Fury's Hour - A (Sort-of) Punk Manifesto
Random House - 2005
Though not without merit, Warren Kinsella's Fury's Hour is a frustrating book on a number of levels. The Toronto-based lawyer, ex-Liberal staffer and occasional scribe for the right-wing Toronto Sun newspaper, initially starts things off with what seem like the autobiographical renderings of an ex-punk's mid-life crisis. Indeed, Kinsella injects a healthy dose of self-deprecation in the first chapter when he refers to himself as "a boring old fart of the type that I used to malign back when I wrote songs for the punk outfit calling itself the Hot Nasties. Yes," he adds, 'I have become that which I once sought to destroy."
That story - an introspective look at the invariably poignant and ultimately pathetic futility of an aging hipster - would have been a welcome addition to the overcrowded shelves of books on punk. (What crusty old ex-punk hasn't tried to boost their street cred with tales of some long-ago show only to be shot down with that blank stare that the youngsters do so well?) But unfortunately Fury's Hour quickly changes tack, setting off on a different, totally unnecessary course through punk's back pages, from Sniffin' Glue's Mark Perry to John Lydon...basically anyone Kinsella could track down to interview, really. For this sort of stuff, we can consult Wikipedia.

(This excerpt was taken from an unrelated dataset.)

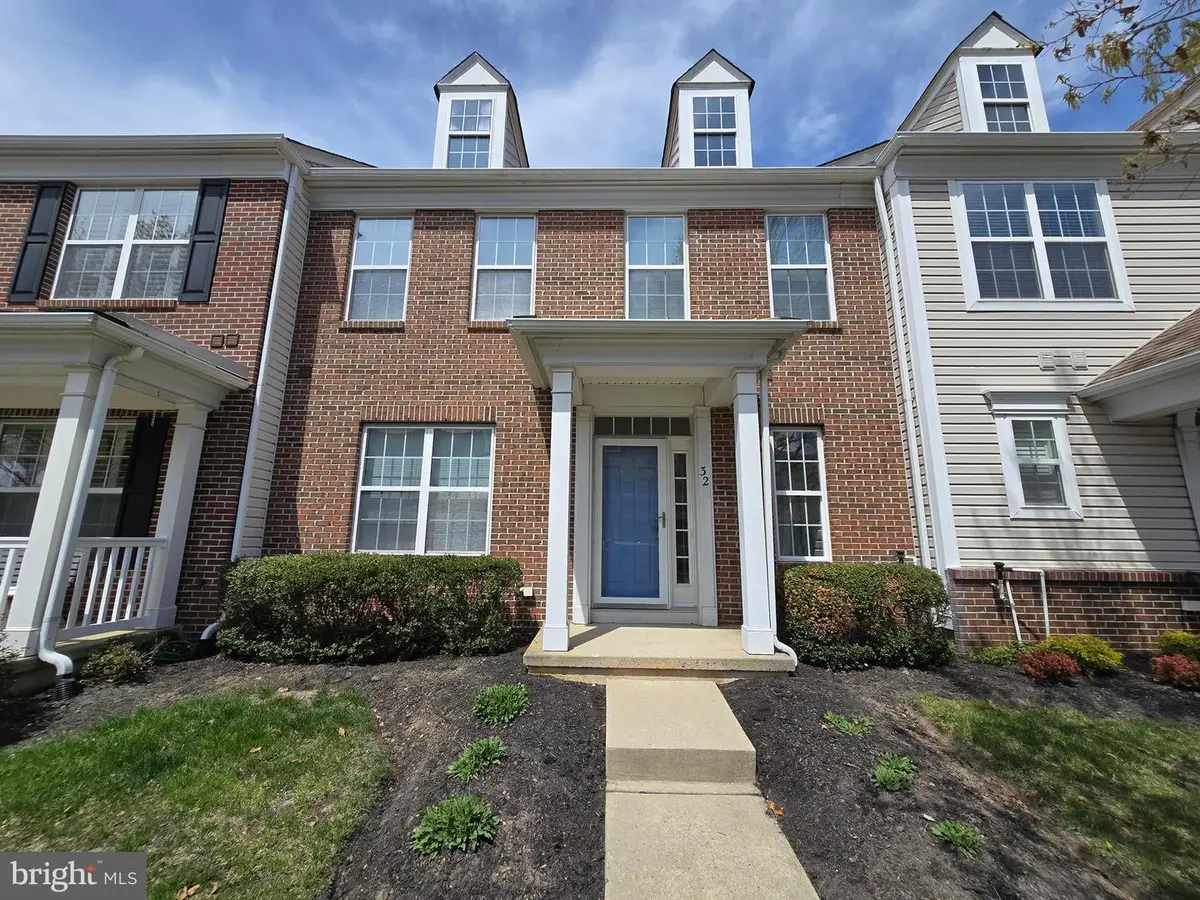 32 Milford Cir, Voorhees, NJ 08043 - #1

And if that weren't enough to cause an editor to demur, Kinsella wastes reams of space on that most risible of canards, the true punk. Surely anyone who lived through those days of parsing guitar solos or sizing up haircuts to determine who was new wave and who was punk would realize the utter silliness of it all. At forty-five years of age, the otherwise perceptive Kinsella ought to have known better. And speaking of poseurs, this mostly well-written book is sullied with his frequent and gratuitous use of profanity, specifically the use of "fucking" as an intensifier.
All that said, Fury's Hour does contain two excellent chapters that make it essential reading (especially since it has been heavily remaindered and can probably be picked up pretty cheap). The first deals with punk's more extreme elements, both right and left, where Kinsella picks through the brains of RaHoWa founder and former white supremacist George Burdi and ex-Subhuman and direct actionist Gerry Hannah. And the second is a positively charming account of how a teenaged Kinsella and pals hiked from Edmonton to Vancouver to see the Clash on their 1979 tour, only to end up serendipitously partying with their heroes backstage. If there were any doubts as to who was the coolest punk ever, the lads' brief moment with the late Joe Strummer will lay those to rest forever. My eyes actually welled up reading this one.